Is not accepting
cash legal?

Magnified dollar bigger


It had to happen sooner or later. “No cash accepted” signs are popping up.

Not long ago, CBS News Moneywatch reported that …

… increasing numbers of restaurants and retailers are now snubbing the lowly dollar bill.

Some merchants such as SweetGreen, a salad chain, refuse to open their registers for cash, telling customers they can pay only with mobile payments or cards. With some newer vending machines, only a card or mobile wallet will get that cold Coca-Cola to roll down the chute.

For many merchants, the benefits of accepting only plastics and digital payment more than compensate for interchange fees. No cash on hand means no worries about holdups, short change artists, pilfering employees, or opportunists grabbing cash from an open till. It makes tracking inventory a snap. It speeds transactions, since cashiers needn’t take time to count out change. It also alleviates the problem of employees who can’t figure out how to count out change, a solid merchant benefit even if it doesn’t speak well for the rising generation’s math skills.

But … is not accepting cash legal?

Since every U.S. bill says, “This note is legal tender for all debts, private and public,” one might ask if it’s legal for an establishment not to accept cash. Apparently many indeed do ask, as evidenced by the fact that no less than the U.S. Department of the Treasury felt it necessary to weigh in on the matter:

… the Coinage Act of 1965 … states: “United States coins and currency (including Federal reserve notes and circulating notes of Federal reserve banks and national banks) are legal tender for all debts, public charges, taxes, and dues.”

This statute means that all United States money as identified above are a valid and legal offer of payment for debts when tendered to a creditor. There is, however, no Federal statute mandating that a private business, a person or an organization must accept currency or coins as for payment for goods and/or services.  [Italics added.]

As to the distinction between debt and not-debt, The Fiscal Times explained,

Let us say it is very late at night and you need gasoline for your car … until the customer has put gas into the car, the customer does not owe the station owner anything. However, if the customer is allowed to pump gasoline into the car first and then pay, the owner must accept all types of U.S. bills because the customer has a debt to pay.

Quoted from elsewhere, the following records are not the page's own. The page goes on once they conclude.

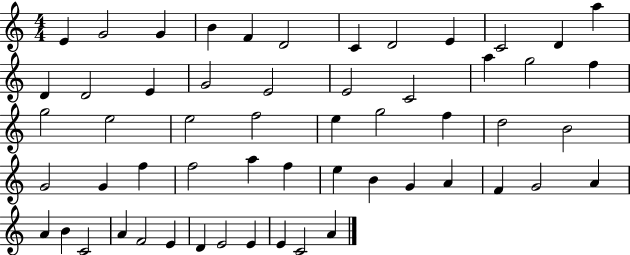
E4/q G4/h G4/q B4/q F4/q D4/h C4/q D4/h E4/q C4/h D4/q A5/q D4/q D4/h E4/q G4/h E4/h E4/h C4/h A5/q G5/h F5/q G5/h E5/h E5/h F5/h E5/q G5/h F5/q D5/h B4/h G4/h G4/q F5/q F5/h A5/q F5/q E5/q B4/q G4/q A4/q F4/q G4/h A4/q A4/q B4/q C4/h A4/q F4/h E4/q D4/q E4/h E4/q E4/q C4/h A4/q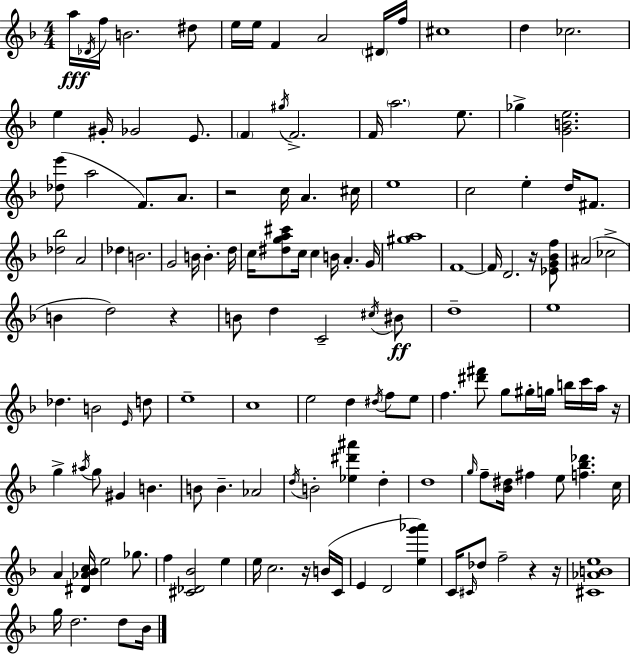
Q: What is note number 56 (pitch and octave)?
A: D5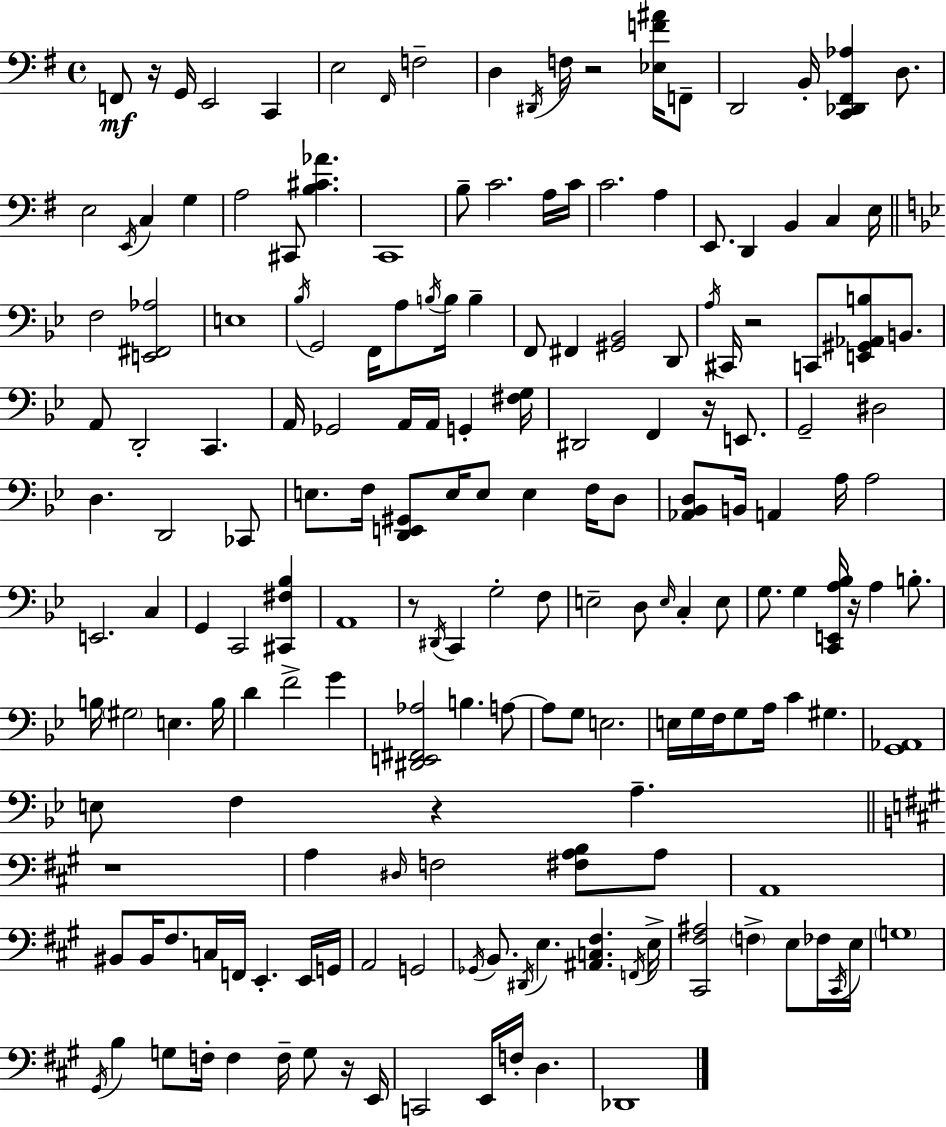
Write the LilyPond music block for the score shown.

{
  \clef bass
  \time 4/4
  \defaultTimeSignature
  \key e \minor
  f,8\mf r16 g,16 e,2 c,4 | e2 \grace { fis,16 } f2-- | d4 \acciaccatura { dis,16 } f16 r2 <ees f' ais'>16 | f,8-- d,2 b,16-. <c, des, fis, aes>4 d8. | \break e2 \acciaccatura { e,16 } c4 g4 | a2 cis,8 <b cis' aes'>4. | c,1 | b8-- c'2. | \break a16 c'16 c'2. a4 | e,8. d,4 b,4 c4 | e16 \bar "||" \break \key bes \major f2 <e, fis, aes>2 | e1 | \acciaccatura { bes16 } g,2 f,16 a8 \acciaccatura { b16 } b16 b4-- | f,8 fis,4 <gis, bes,>2 | \break d,8 \acciaccatura { a16 } cis,16 r2 c,8 <e, gis, aes, b>8 | b,8. a,8 d,2-. c,4. | a,16 ges,2 a,16 a,16 g,4-. | <fis g>16 dis,2 f,4 r16 | \break e,8. g,2-- dis2 | d4. d,2 | ces,8 e8. f16 <d, e, gis,>8 e16 e8 e4 | f16 d8 <aes, bes, d>8 b,16 a,4 a16 a2 | \break e,2. c4 | g,4 c,2 <cis, fis bes>4 | a,1 | r8 \acciaccatura { dis,16 } c,4 g2-. | \break f8 e2-- d8 \grace { e16 } c4-. | e8 g8. g4 <c, e, a bes>16 r16 a4 | b8.-. b16 \parenthesize gis2 e4. | b16 d'4 f'2-> | \break g'4 <dis, e, fis, aes>2 b4. | a8~~ a8 g8 e2. | e16 g16 f16 g8 a16 c'4 gis4. | <g, aes,>1 | \break e8 f4 r4 a4.-- | \bar "||" \break \key a \major r1 | a4 \grace { dis16 } f2 <fis a b>8 a8 | a,1 | bis,8 bis,16 fis8. c16 f,16 e,4.-. e,16 | \break g,16 a,2 g,2 | \acciaccatura { ges,16 } b,8. \acciaccatura { dis,16 } e4. <ais, c fis>4. | \acciaccatura { f,16 } e16-> <cis, fis ais>2 \parenthesize f4-> | e8 fes16 \acciaccatura { cis,16 } e16 \parenthesize g1 | \break \acciaccatura { gis,16 } b4 g8 f16-. f4 | f16-- g8 r16 e,16 c,2 e,16 f16-. | d4. des,1 | \bar "|."
}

The same issue arises on an airplane. If you want to buy a drink for $5, the airline doesn’t have to accept your cash as long as it requires you to pay for the drink first.

The Department of the Treasury statement further explains:

Private businesses are free to develop their own policies on whether or not to accept cash unless there is a State law which says otherwise.

One state, Massachusetts, does say otherwise. Returning to The Fiscal Times article:

Massachusetts … actually does have a law on the books that requires all retail establishments to accept cash payments. However, at the present moment this law appears relatively unknown, the exact definition of a retail establishment is unclear, but most importantly the law specifies no penalties for breaking the law.

Don’t expect such a law on the national level, not least because even the United States government would stand to gain considerably from going cashless. According to “The Cost of Cash in the United States” by Bhaskar Chakravoti and Benjamin D. Mazotta of Tufts University’s The Fletcher School, cash costs the U.S. about $200 billion annually:

The most important cost of cash to the US government is forgone tax revenue from cash transactions. A conservative estimate yields this value to be $100 billion annually. The government also incurs cash-related expenses from the production and distribution of cash in the United States. In 2012, these costs totaled $1.2 billion.

Cash will still be around for a long time

As I have written before, cash is not likely to fully exit American commerce. As the above-cited Moneywatch piece points out,

About one out of 13 U.S. households are unbanked, which means they have don’t traditional banking accounts, such as checking or savings accounts. Such families tend to be lower-income and rely on cash to make their purchases.

Even consumers with bank accounts rely on cash at certain times. Cash comes in handy for gifts, tipping for great service, and, when needful or simply desirable, not leaving a paper or digital trail.

Ironically enough, the law seems to require banks, the very champions of plastics and digital payments, to accept cash for loan payments. But who knows? That may change. Indeed, the future these days seems to change every hour. It keeps the digital payments business exciting.